Lawsuit alleges bill violated constitution

Ron Calzone wants the Cole County Circuit Court to throw out an education law the Legislature passed a year ago.

He argues lawmakers violated the Missouri Constitution when they expanded the bill from one issue to several.

The case, filed Tuesday, was assigned to Judge Jon Beetem. No hearings are scheduled.

Senate Bill 638 was introduced in the Missouri Senate on Jan. 6, 2016, as a three-page measure with a title saying it was "relating to civics education," Calzone argued.

Through the normal legislative process, the original bill was amended and changed, including a House amendment changing the title from "civics education" to "elementary and secondary education."

Ultimately, lawmakers adopted a compromise bill creating 29 new sections of state law.

Calzone's lawsuit said the final bill affected a dozen distinct elements, "most of which were not related to the original, controlling purpose of 'civics education.'"

A legislative summary said those provisions included civics education, dyslexia screening in schools, remedial education and personal plans of study, bonding requirements for school district officers, filling school board vacancies, requiring CPR instruction in high schools, mandating saying the pledge of allegiance in schools at least once each day, charter schools, a three-year pilot project for early learning quality assurance reports, gifted education, allowing non-public schools students to be eligible for the A+ Schools program and a "trauma-informed schools" initiative.

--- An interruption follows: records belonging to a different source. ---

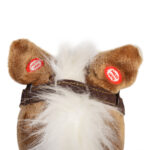 Люлка плюшена кон Chipper кафе колелца - Image 6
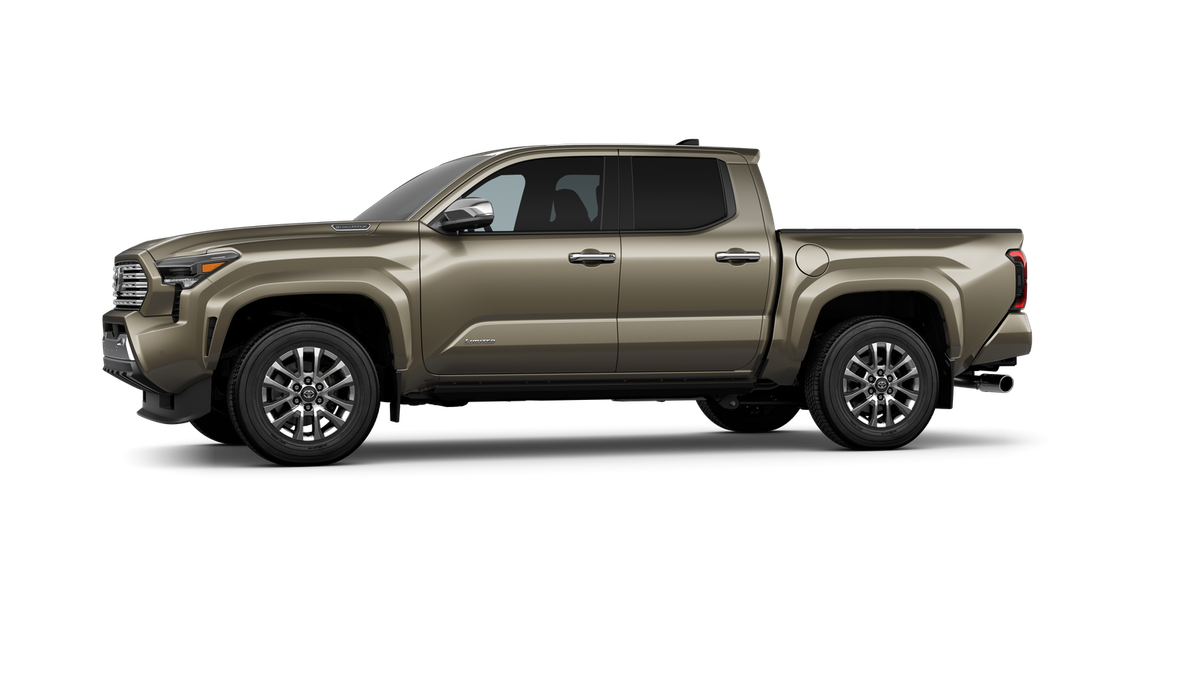 2026 Toyota Tacoma i-FORCE MAX — rear three-quarter view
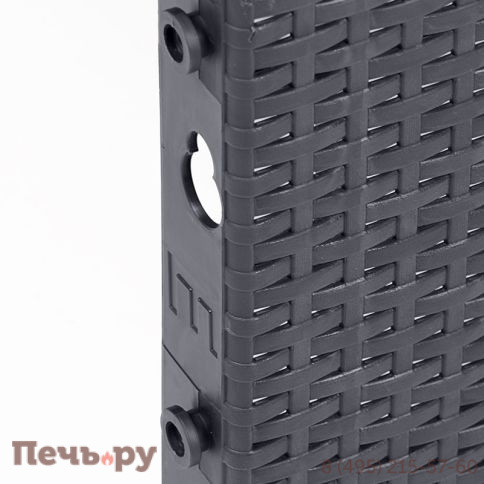 Диван трехместный Gardeck Arizona b:rattan, антрацит (3-х местная подушка) фото 11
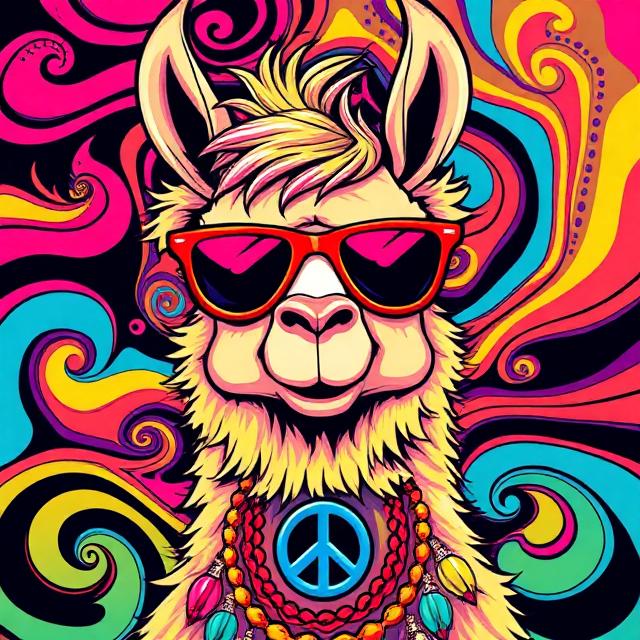 The Hippie Llama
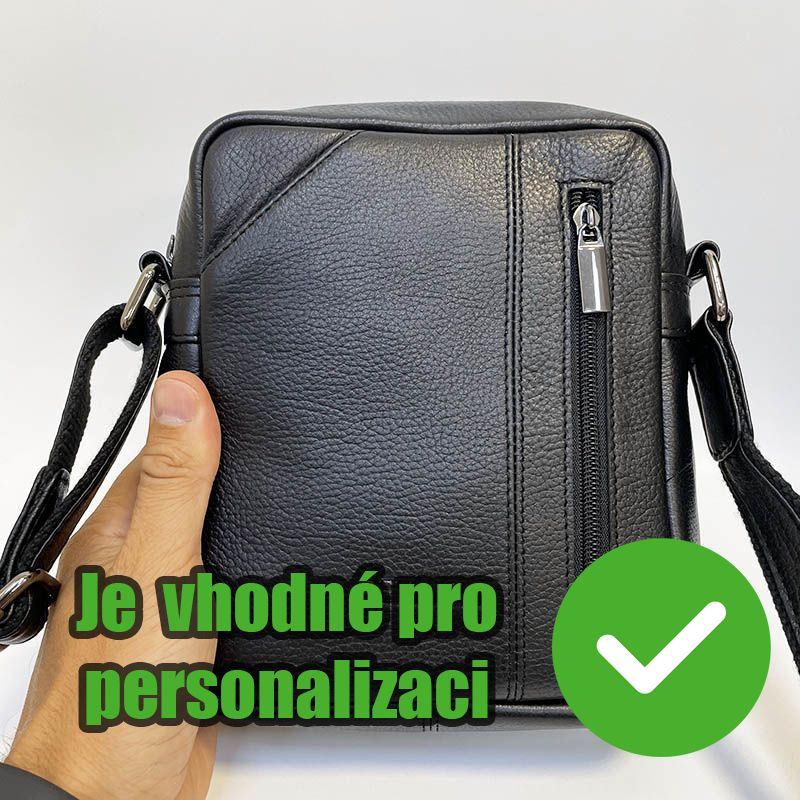 Vlastní personalizace, text na kožené tašky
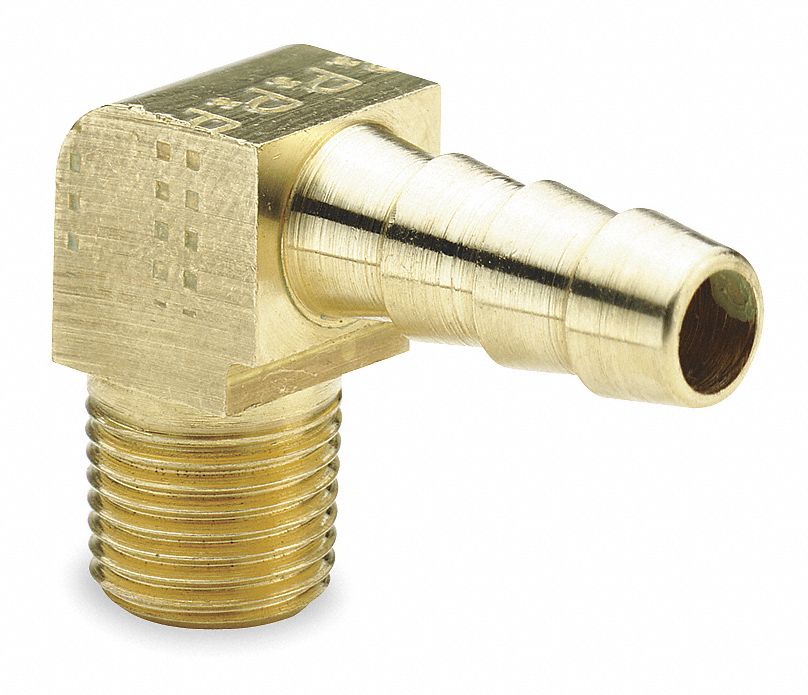 Barbed Hose Fitting Hose ID 5/16 NPT
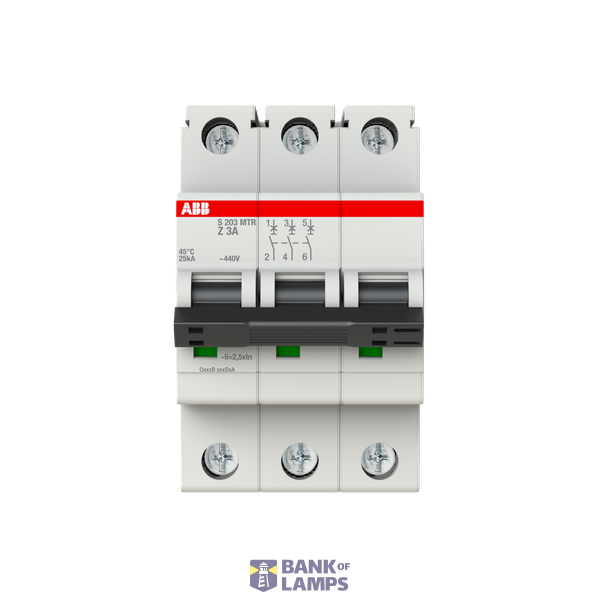 S203MTR-Z3 Miniature Circuit Breaker image 1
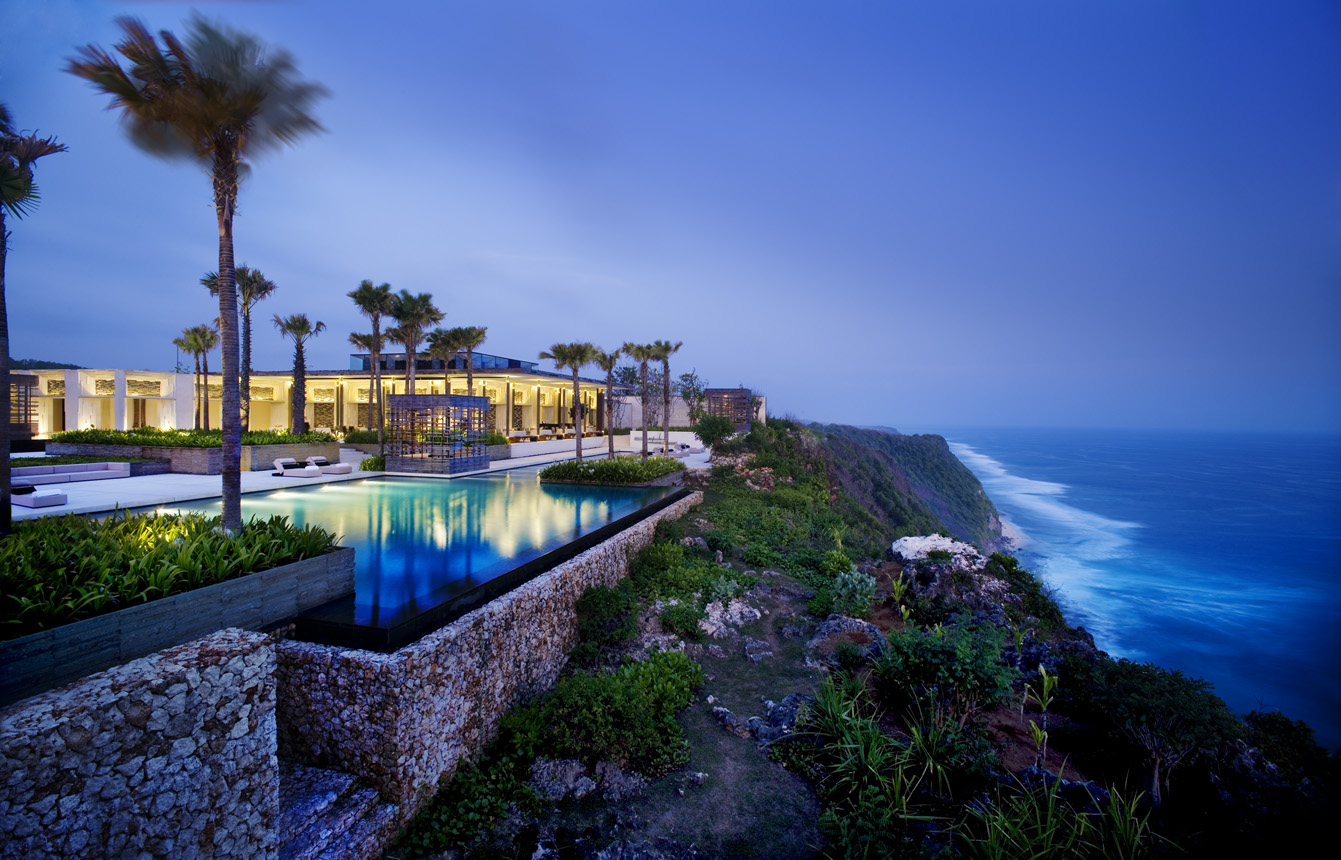 Pesona Alila Villas Uluwatu yang Sulit Diabaikan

Calzone argues those changes violate two constitutional provisions:

"No law shall be passed except by bill, and no bill shall be so amended in its passage through either house as to change its original purpose."

"No bill shall contain more than one subject which shall be clearly expressed in its title."

Calzone, of Dixon, is the executive director of a group called "Missouri First," and is a familiar sight walking the Capitol halls and testifying at committee meetings.

Even though he's not an attorney, Calzone said he filed the lawsuit on his own "in part to demonstrate that the abuses by the General Assembly are so blatant that even a non-lawyer can succeed in legal challenges against some of their bills."

And, he noted in a news release, he's been successful at least once before, when Cole County Circuit Judge Dan Green agreed with his May 2015 lawsuit challenging the passage of a 2014 law that underwent similar changes.

As part of an 11-page judgment in February 2016, Green wrote Calzone had raised four claims the bill violated the state Constitution, and "the state presented no evidence against" the claims.

Green blocked the state from taking any actions under that law, and the attorney general didn't appeal the ruling.

However, Calzone said in this week's news release, in spite of Green's ruling, lawmakers have "continued to pass bills in violation of the Missouri Constitution."

He said this week's new lawsuit is the first of several he plans to file challenging some of the 21 bills he said lawmakers passed last year that violated the constitutional requirements.